Note that the balancing parameter value may be automatically
changed by the learning unit 2, or may be changed after an approval
by the operator via an input device or the like is obtained. To
obtain the approval, for example, the display control unit 3
displays, on a display device, a display window I1 or the like,
which displays a reject button B1 used to maintain the current
value and an adopt button B2 used to adopt a candidate value, as
shown in FIG. 9. At this time, for the sake of reference, the
display control unit 3 may display the current value of the
balancing parameter and a candidate value obtained by adding or
subtracting the value .epsilon. to or from the current value side
by side, as shown in FIG. 9. If the reject button B1 is pressed via
an input device or the like, the learning unit 2 performs iterative
learning allowable value the current value of the balancing
parameter (step S2). If the adopt button B2 is pressed via an input
device or the like, the learning unit 2 sets the candidate value to
the balancing parameter value and performs iterative learning in
accordance with the balancing parameter value (step S2). In
addition, the balancing parameter value may be changed to a value
designated by the operator via an input device.
[0071] In this way, the learning unit 2 sequentially repeats steps
S4, S5, S6, S7, S8, S2, and S3 until it is determined to end the
iterative learning in step S3. Along with this repeat, the training
progresses, and the target sequence data, the predicted sequence
data, the progress error sequence data, and the balancing parameter
value sequence data are updated. Depending on the numerical value
of the balancing parameter value a, from a broader viewpoint, as
the training progresses, the learning cost is reduced, and the
recognition ratio improves. In step S3, if the end condition of
iterative learning, for example, "target sequence data reaches the
first allowable value R1" is satisfied, the learning unit 2
determines to end the iterative learning. Upon determining to end
the iterative learning in step S3 (NO in step S3), the learning
unit 2 outputs a trained target model (step S9). In step S9, the
learning unit 2 outputs, as the trained target model, the target
model to which the training target parameter at the training end
stage is assigned. After step S9, the training program is
ended.
[0072] As described above, according to this embodiment, in the
target model training process, the balancing parameter value of the
target model can dynamically be corrected by referring to the
recognition ratio of the target model and the recognition ratio of
the reference model trained in accordance with a known balancing
parameter value. This makes it possible to efficiency generate the
target model having the recognition ratio expected by the operator
as compared to a case in which iterative learning is performed from
the beginning for each of a plurality of balancing parameter
values.
[0073] Note that various modifications can be made for the
above-described embodiment without departing from the scope of the
present invention. For example, modifications as follows are
possible.
[0074] (Modification 1)
[0075] In the above-described embodiment, each of the first
allowable value and the second allowable value is a constant value.

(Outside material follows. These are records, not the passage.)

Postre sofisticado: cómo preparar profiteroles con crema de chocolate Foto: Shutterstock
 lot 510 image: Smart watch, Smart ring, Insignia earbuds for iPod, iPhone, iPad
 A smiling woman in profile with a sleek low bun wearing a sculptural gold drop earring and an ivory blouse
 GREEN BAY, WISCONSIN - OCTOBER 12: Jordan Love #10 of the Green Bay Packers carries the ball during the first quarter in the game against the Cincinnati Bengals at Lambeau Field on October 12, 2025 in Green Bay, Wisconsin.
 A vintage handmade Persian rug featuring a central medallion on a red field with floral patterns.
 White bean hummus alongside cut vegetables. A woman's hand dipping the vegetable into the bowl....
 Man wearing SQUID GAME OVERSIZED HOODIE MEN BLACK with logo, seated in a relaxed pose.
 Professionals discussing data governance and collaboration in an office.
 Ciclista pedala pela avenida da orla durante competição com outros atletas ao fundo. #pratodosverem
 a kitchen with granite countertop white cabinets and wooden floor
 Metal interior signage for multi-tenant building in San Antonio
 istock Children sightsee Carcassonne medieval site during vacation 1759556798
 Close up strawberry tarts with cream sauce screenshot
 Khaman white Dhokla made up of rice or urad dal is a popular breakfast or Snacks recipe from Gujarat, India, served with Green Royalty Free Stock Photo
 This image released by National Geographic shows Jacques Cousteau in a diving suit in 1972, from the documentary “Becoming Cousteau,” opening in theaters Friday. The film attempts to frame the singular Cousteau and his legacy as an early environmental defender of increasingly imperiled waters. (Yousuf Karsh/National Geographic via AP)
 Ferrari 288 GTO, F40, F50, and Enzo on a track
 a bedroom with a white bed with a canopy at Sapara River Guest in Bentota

However, each of the first allowable value and the second allowable
value according to Modification 1 may be sequence data that changes
in accordance with the epoch number. In this case, the first
allowable value and the second allowable value are strictly set
such that the progress error becomes small as the epoch number
becomes large. More specifically, the values are set such that as
the epoch number becomes large, the first allowable value becomes
large, and the second allowable value becomes small. According to
Modification 1, it is possible to appropriately adjust the
balancing parameter value in accordance with the progress
stage.
[0076] (Modification 2)
[0077] In the above-described embodiment, the reference model is a
100% model. However, the reference model according to Modification
2 may be set to one model architecture of the 75%, 50%, and 25%
models other than the 100% model. In this case, the balancing
parameter adjusts the balance between a penalty to a learning cost
of one model architecture that is the reference model and penalties
to learning costs of the remaining three model architectures. For
example, if the reference model is set to the 25% model, the
balancing parameter value can be changed by regarding the
recognition ratio of the reference model as the lower limit of the
recognition ratio of the target model. According to Modification 2,
it is possible to flexibly adjust the inference performance of the
100% model, the 75% model, the 50% model, and the 25% model in
accordance with the purpose of the operator.
[0078] (Modification 3)
[0079] In the above-described embodiment, the balancing parameter
adjusts the balance between a learning cost of one model and a
learning cost of another model, that is, the balance of penalties
to learning costs of two types of models. However, the balancing
parameter according to Modification 3 may adjust the balance of
penalties to three or more types of learning costs. For example,
when adjusting the balance of penalties to three types of learning
costs, the loss function can be given by
L.sub.i=a
L.sub.i(1)+(2/3-2a/3)L.sub.i(2)+(1/3-a/3){L.sub.i(3)+L.sub.i(4)}
(4)
[0080] Note that the coefficients to multiply L.sub.i(1),
L.sub.i(2), and {L.sub.i(3)+L.sub.i(4)} are merely examples and can
arbitrarily be designed as long as these synchronize with the
balancing parameter value a. According to Modification 3, in the
training process of the target model, the penalty to the learning
cost between model architectures can be adjusted in more detail,
and inference performance between model architectures can be
discriminated in more detail.
[0081] (Modification 4)
[0082] The learning unit 2 according to Modification 4 can perform
retraining. If the difference (progress error) between the
recognition ratio represented by the reference sequence data and
the recognition ratio of the target model is larger than a
reference error, the learning unit 2 redoes iterative learning from
the training progress stage (epoch number) to which the training
has gone back. If the progress error is larger than the reference
error, the performance of the target model cannot be guaranteed.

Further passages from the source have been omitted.